Task item
Reproduce every line of the material below, but drop the pictures.

Data
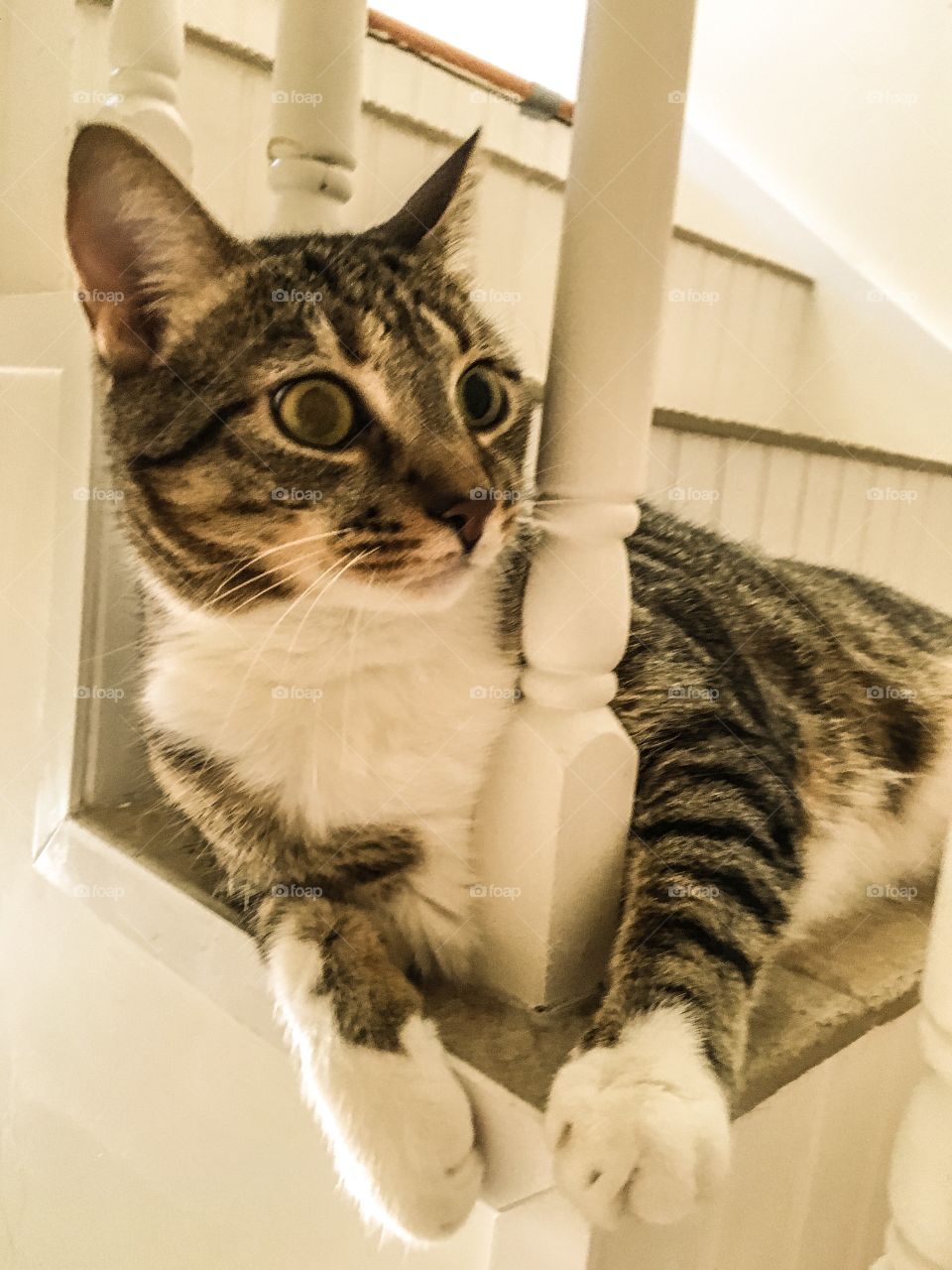 Tan and white striped tabby cat sitting on steps 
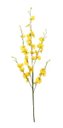 Ver imagem 2 de Orquídeas Chuva De Ouro Artificial 5 Galhos Grandes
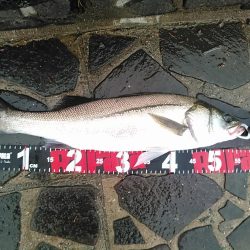 佐鳴湖　シーバス デイゲーム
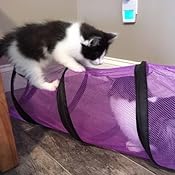 jackson galaxy cat crawl tunnel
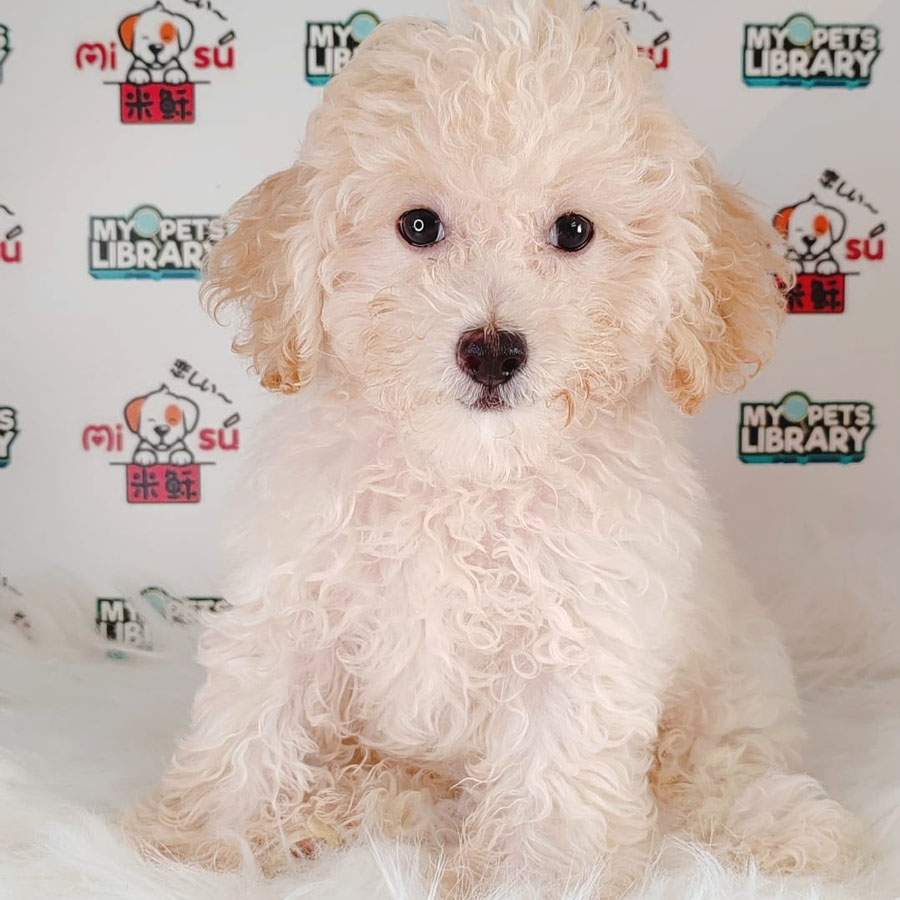 Tiny Poodle Puppy (Male) For Sale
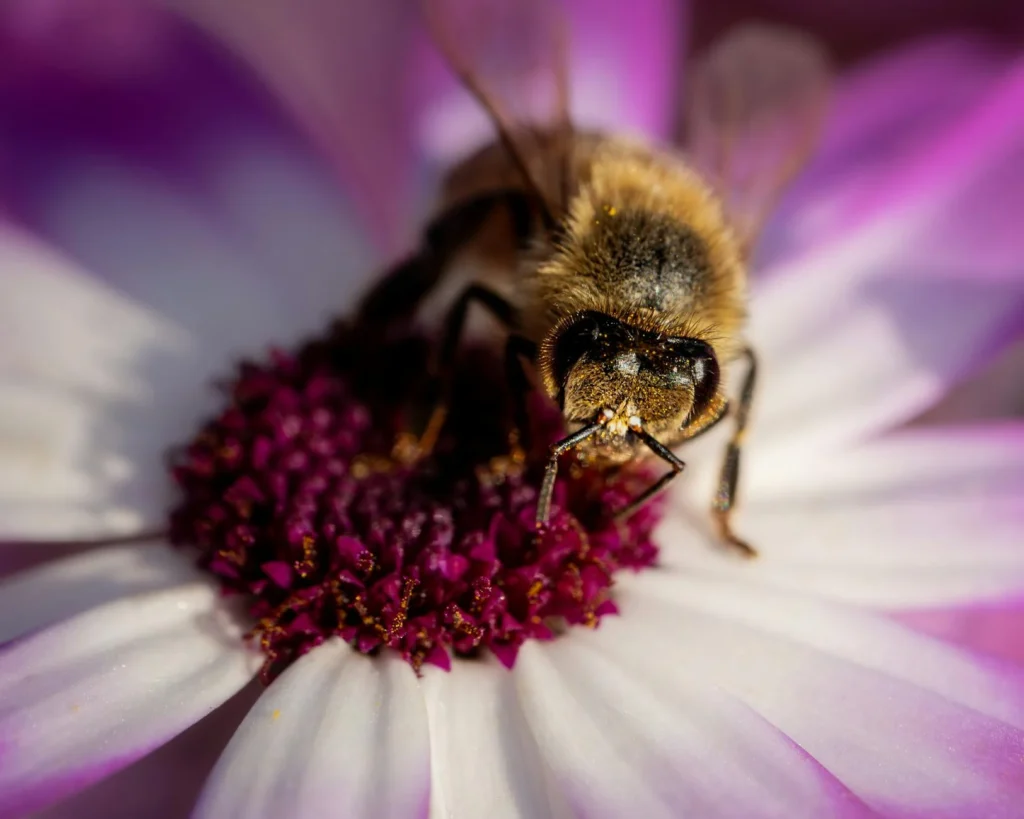 Entomoloji Nedir?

Written response
 Tan and white striped tabby cat sitting on steps 
 Ver imagem 2 de Orquídeas Chuva De Ouro Artificial 5 Galhos Grandes
 佐鳴湖　シーバス デイゲーム
 jackson galaxy cat crawl tunnel
 Tiny Poodle Puppy (Male) For Sale
 Entomoloji Nedir?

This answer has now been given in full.